=== Work instruction ===
Retype exactly what appears below from the line containing "A picture of" down to the line containing "Продажа на аукционе", keeping both end lines. Do not include pictures.

Start of Given data

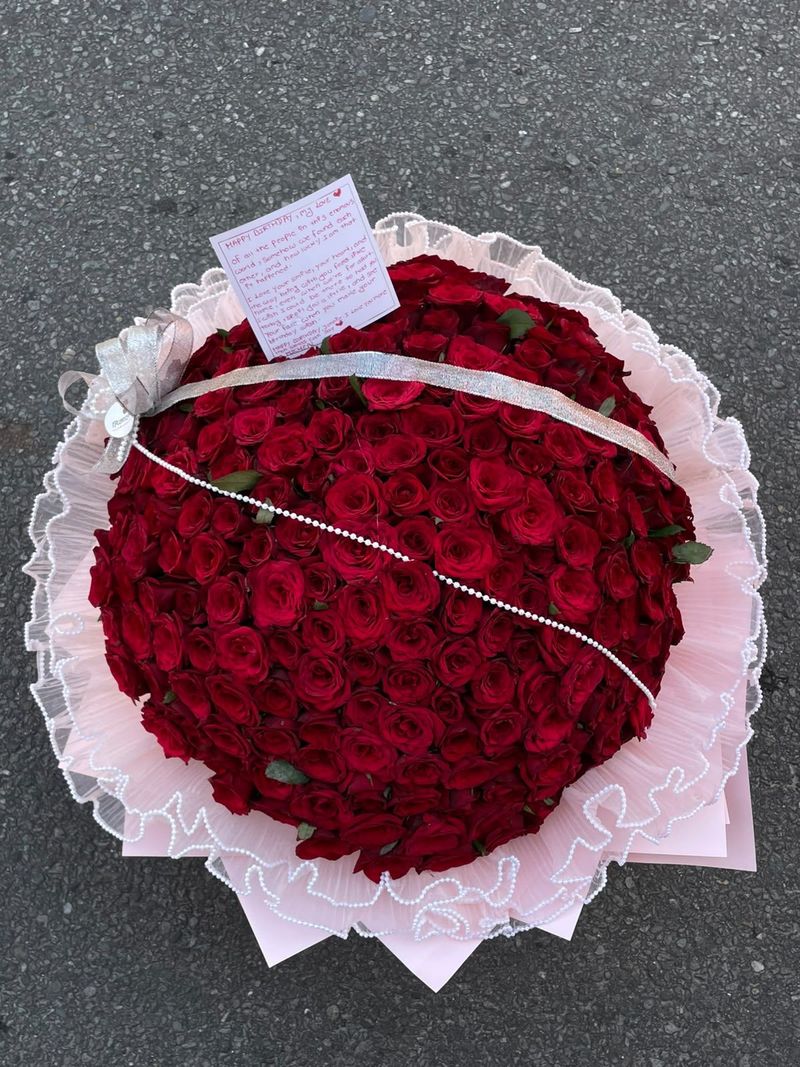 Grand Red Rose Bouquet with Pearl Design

End of Given data
Start of Given data

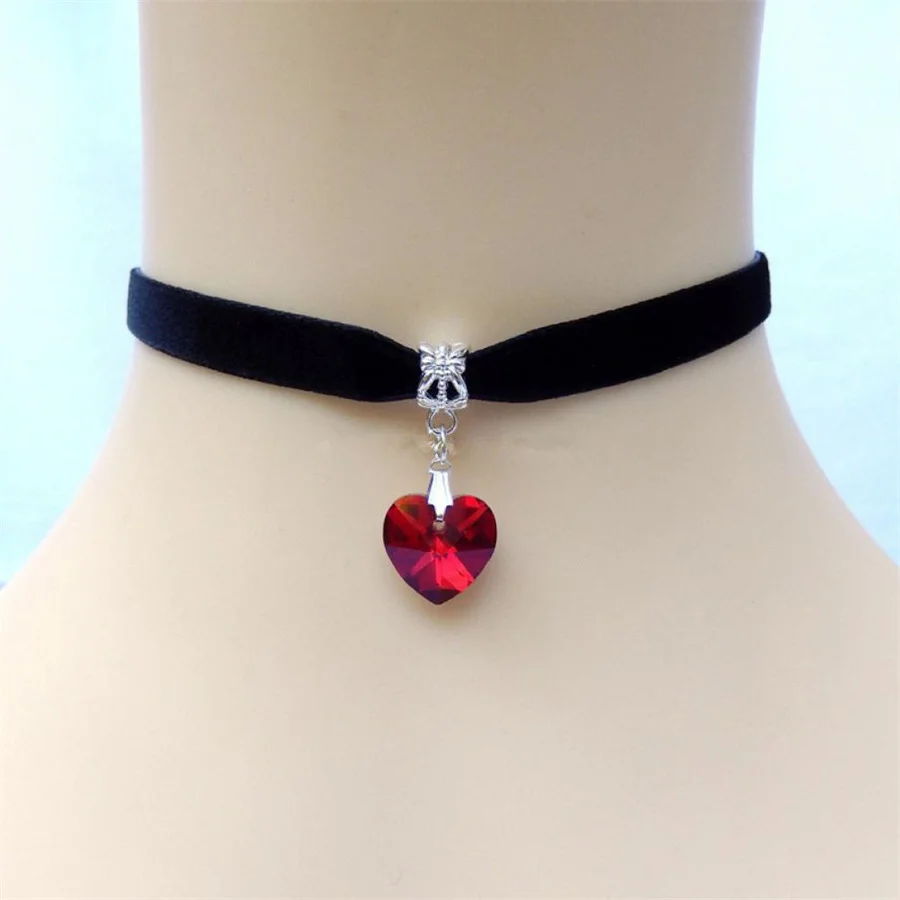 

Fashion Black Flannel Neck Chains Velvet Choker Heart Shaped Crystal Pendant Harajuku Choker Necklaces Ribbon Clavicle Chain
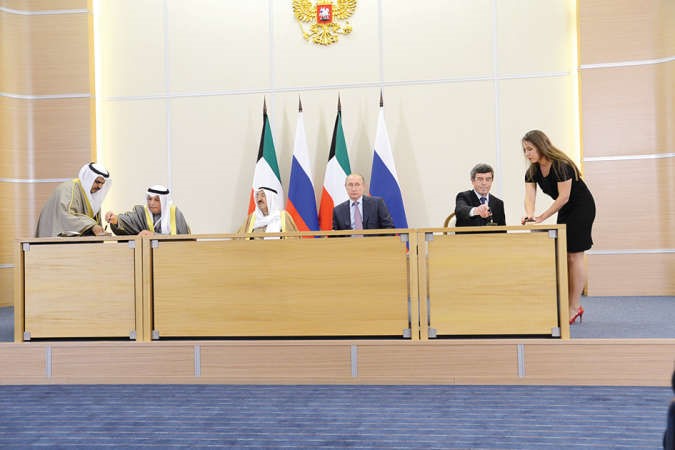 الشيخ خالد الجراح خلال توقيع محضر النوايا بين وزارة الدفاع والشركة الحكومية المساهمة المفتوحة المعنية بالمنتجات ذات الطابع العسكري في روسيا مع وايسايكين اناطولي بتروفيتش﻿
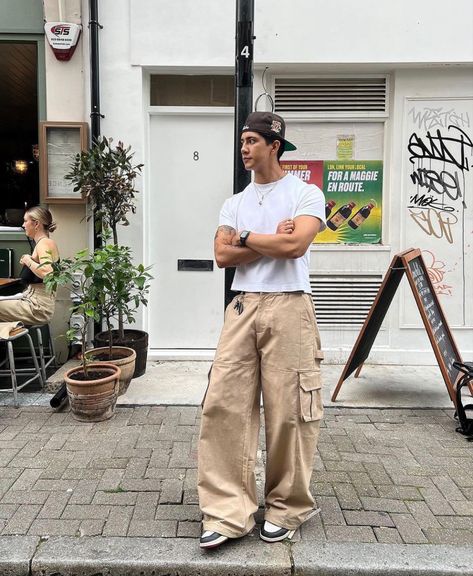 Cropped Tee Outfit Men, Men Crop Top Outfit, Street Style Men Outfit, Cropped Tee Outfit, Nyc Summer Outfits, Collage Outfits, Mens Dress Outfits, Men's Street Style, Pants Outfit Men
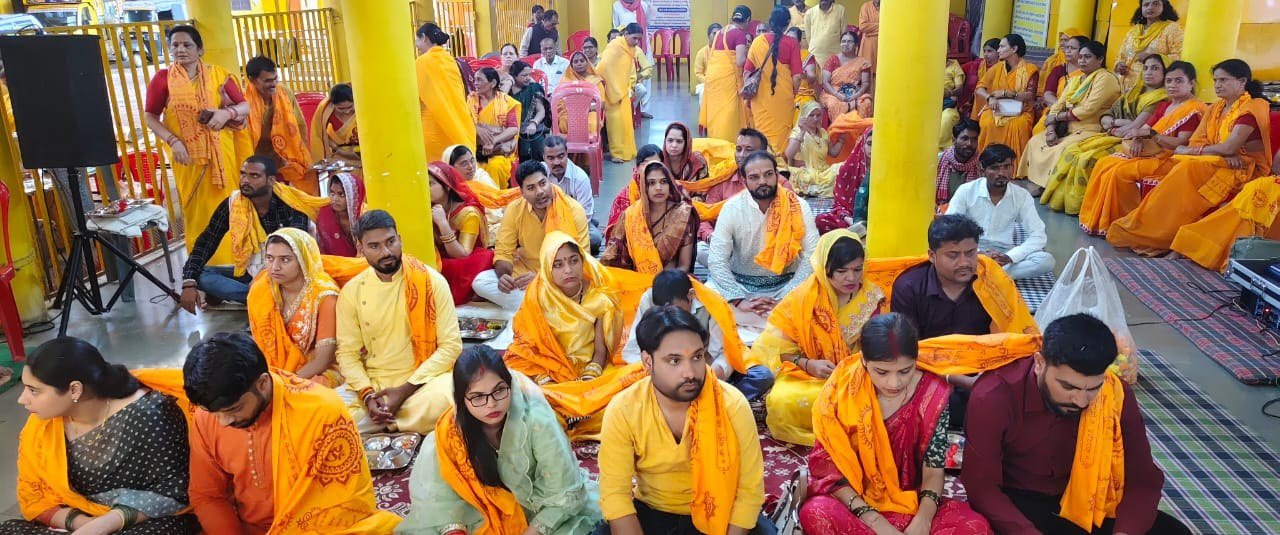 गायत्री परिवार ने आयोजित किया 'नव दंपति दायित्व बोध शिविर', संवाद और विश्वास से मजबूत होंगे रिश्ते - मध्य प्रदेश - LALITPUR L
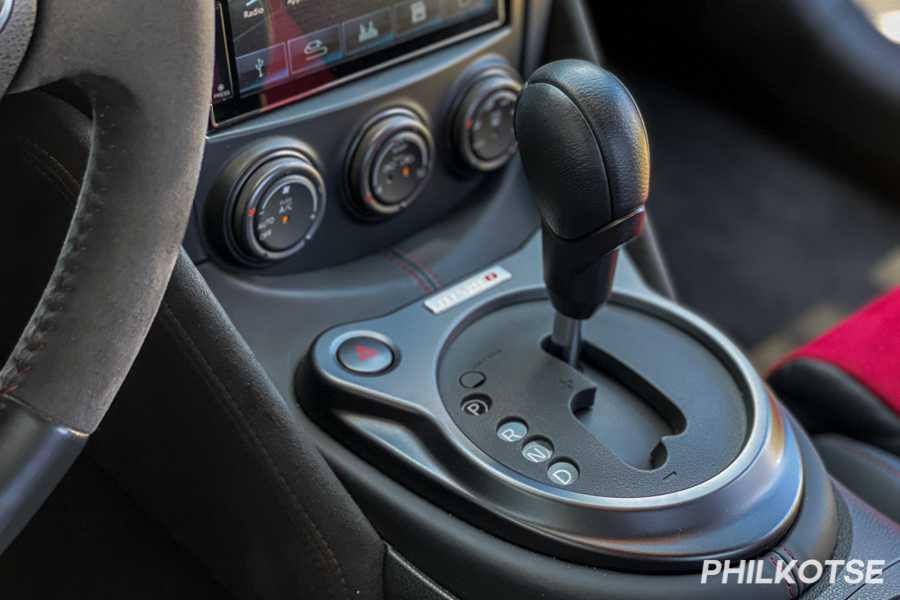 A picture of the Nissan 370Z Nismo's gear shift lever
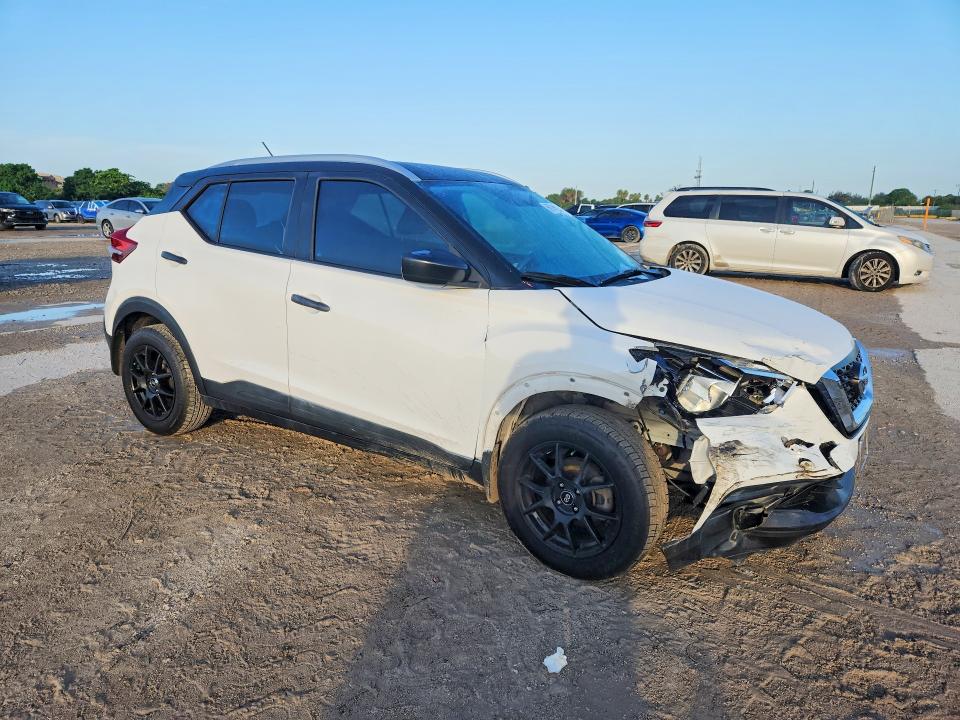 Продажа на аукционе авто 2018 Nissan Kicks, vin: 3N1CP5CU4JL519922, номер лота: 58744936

End of Given data

=== Your response ===
 A picture of the Nissan 370Z Nismo's gear shift lever
 Продажа на аукционе авто 2018 Nissan Kicks, vin: 3N1CP5CU4JL519922, номер лота: 58744936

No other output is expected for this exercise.